One of the side effects of the recent hurricane on the east coast will be the economic consequences. On the national level there is a debate about fiscal policy and the deficit. One party wants to keep revenue the same (no tax increase for anyone) and reduce spending. The other party wants to increase revenue (tax the wealthy) and stimulate the economy with a jobs or infrastructure spending package. The first group maintains that the over spending of the last decade is the greatest threat to the long term economy and must be reined in this second. The other side contends that with massive unemployment we need to get people to work to stimulate the economy first and the subsequent growth will create the additional revenue to reduce our borrowings in the long run. This is why Hurricane Irene becomes so interesting.

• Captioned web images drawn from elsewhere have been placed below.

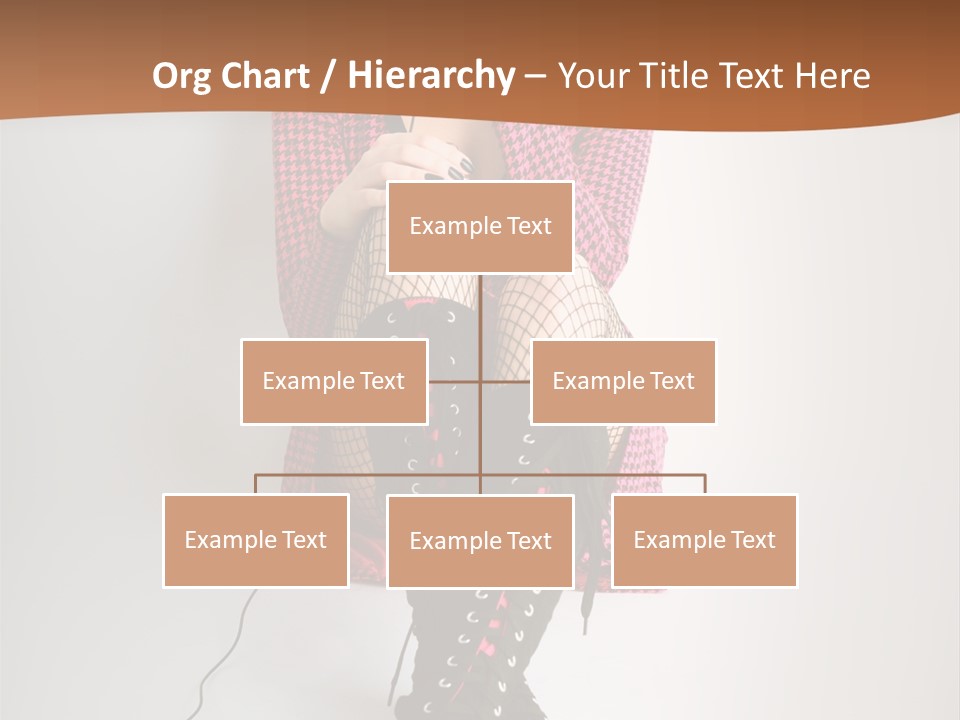 A Woman With Headphones Is Sitting On The Floor PowerPoint Template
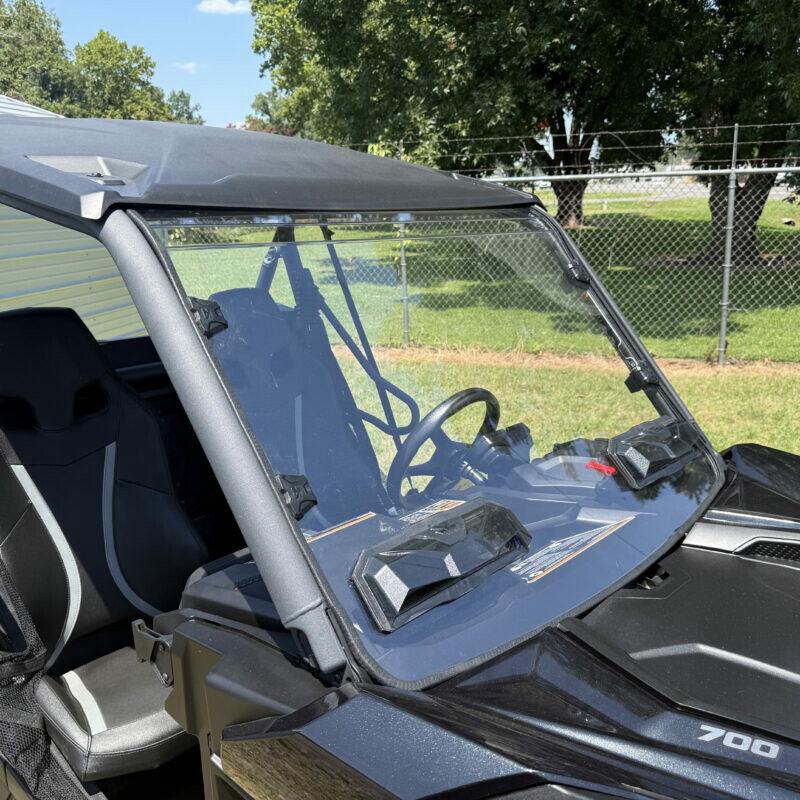 Seizmik Tool-Less Windshield Hard Coated Poly CAN - 50-55326KIT Can-Am Maverick 2018-2025
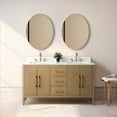 thumbnail image 1 of Vanity Art 60” Double Sink Bathroom Vanity Cabinet with Engineered Marble Countertop, 1 of 5
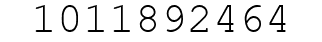 Number 1011892464.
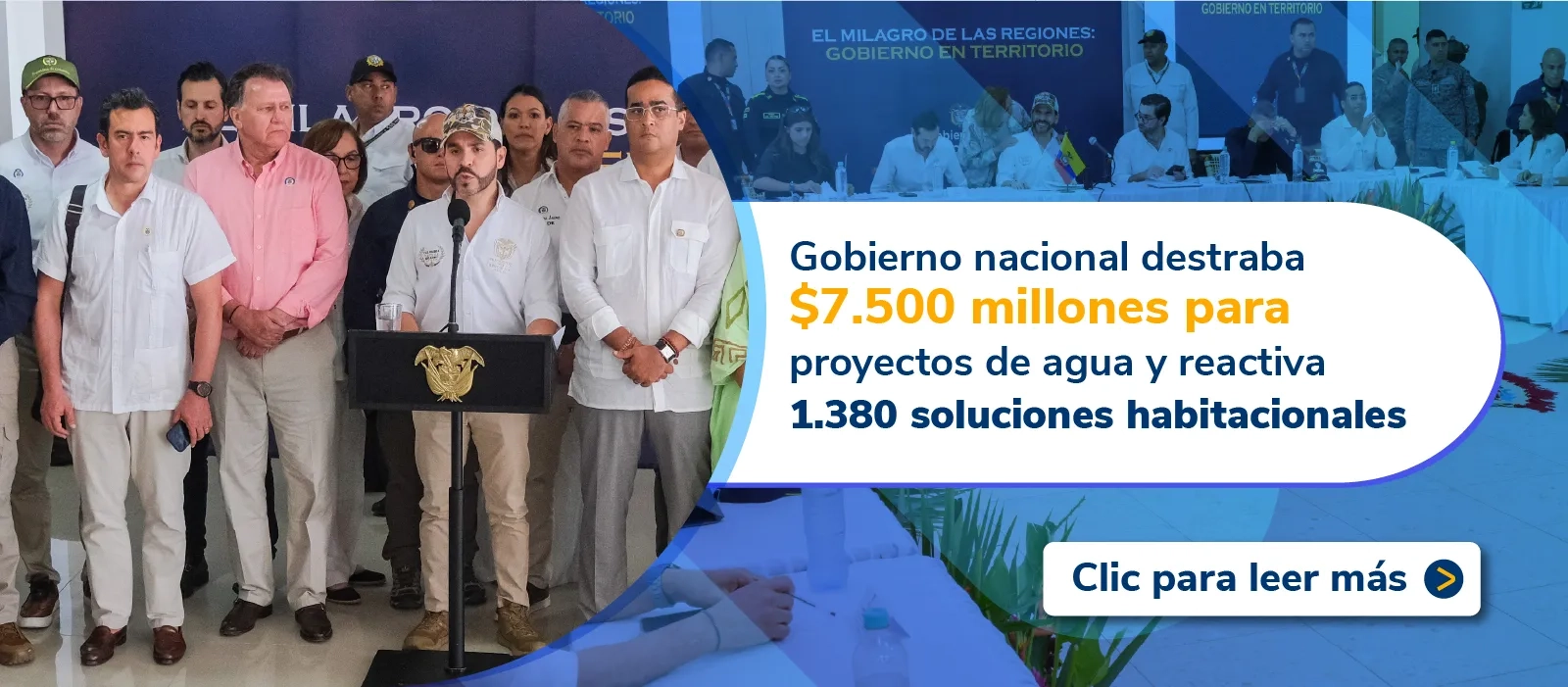 PIEZA GRAFICA COMUNICADO GOBIERNO NACIONAL DESTRABA INVERSION DE PROYECTOS DE AGUA EN LA GUAJIRA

The storm caused enormous damage from North Carolina to Vermont. The near term economic effect will be to increase spending at the state level to repair bridges, roads and other infrastructure. The states will be forced to borrow and increase their budget gaps in the immediate future to fund this. The second part will be increased jobs for electricians, carpenters, plumbers as people need to repair their homes and businesses. The money for this will come from insurance companies which serve as a proxy for the wealthiest Americans. Insurance companies have saved or stored money in their investment portfolio and the size of the claims following the storm will recycle their savings to people who must spend the money immediately. The storm will force investment money into the economy at a fairly rapid rate. This will enable us to measure whether the stimulus theory is valid or whether the deficit reduction party is right.
Over the next ten to twelve months look to the economies of the affected states as to retail sales (Lowes, Home Depot, etc), state tax receipts both income and sales, and housing activity one year from now.